2. Description of the Related Art
The basic concept of the “snow globe,” i.e., a three dimensional scene enclosed by a transparent dome and containing a liquid and some particulate matter to simulate snowflakes, etc., has been known for many years. Most such devices are passive, in that no action or movement of the display occurs while the device is at rest. A person must actively move the device, as by inverting it, to cause the particulate matter to drop to the inverted upper portion, whereupon turning the device upright allows the particles to fall, and resembling a snowfall or the like.

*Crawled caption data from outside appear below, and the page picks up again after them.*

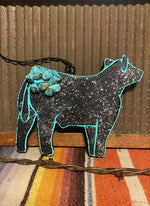 Turquoise Cow Freshie
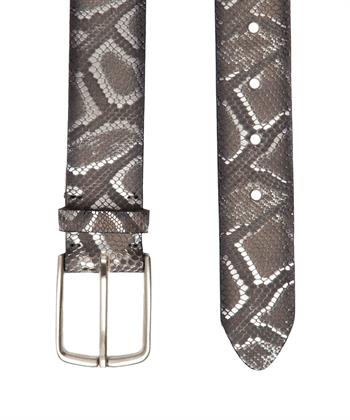 Vanzetti leren riem slangenprint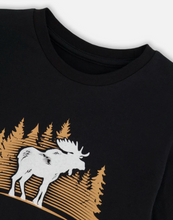Load image into Gallery viewer, Forest Moose Long Sleeve Top
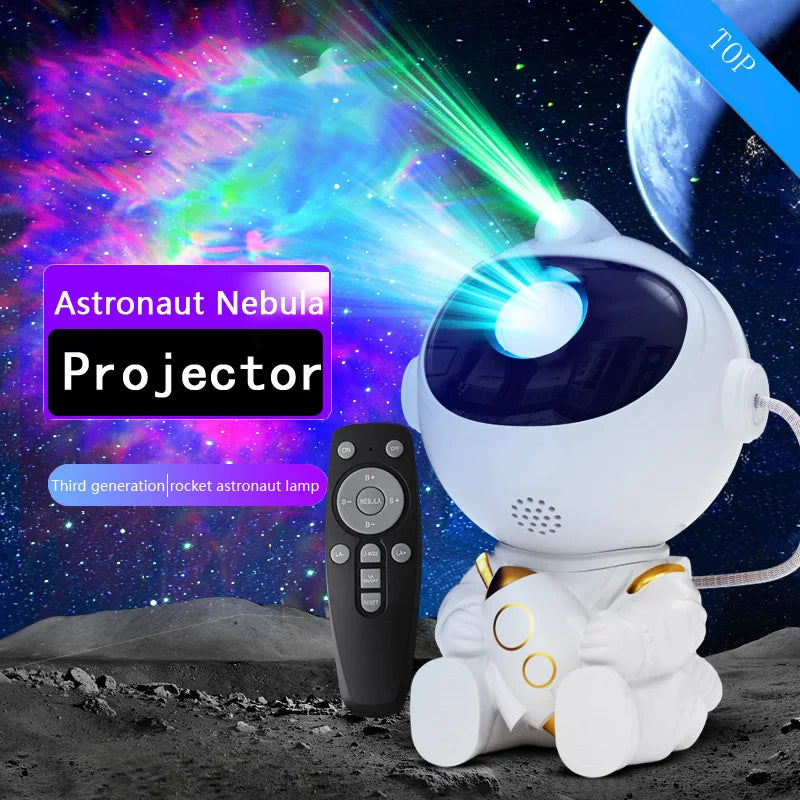 Astronaut Galaxy Projector Light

More recently, active devices have been developed in which an electric or other motor drives a fan, propeller, or the like to circulate a fluid within the globe, thereby actively moving the particulate matter (or in some cases, only a liquid, to simulate wave action) until motor operation is terminated. However, this additional complexity leads to certain potential problems, the greatest of which is the introduction of a shaft extending between the motor and the impeller or fan which is of course immersed within the liquid contained within the dome or globe. Over a period of time, seals along the shaft wear, causing the fluid within the dome to leak, usually contaminating the motor.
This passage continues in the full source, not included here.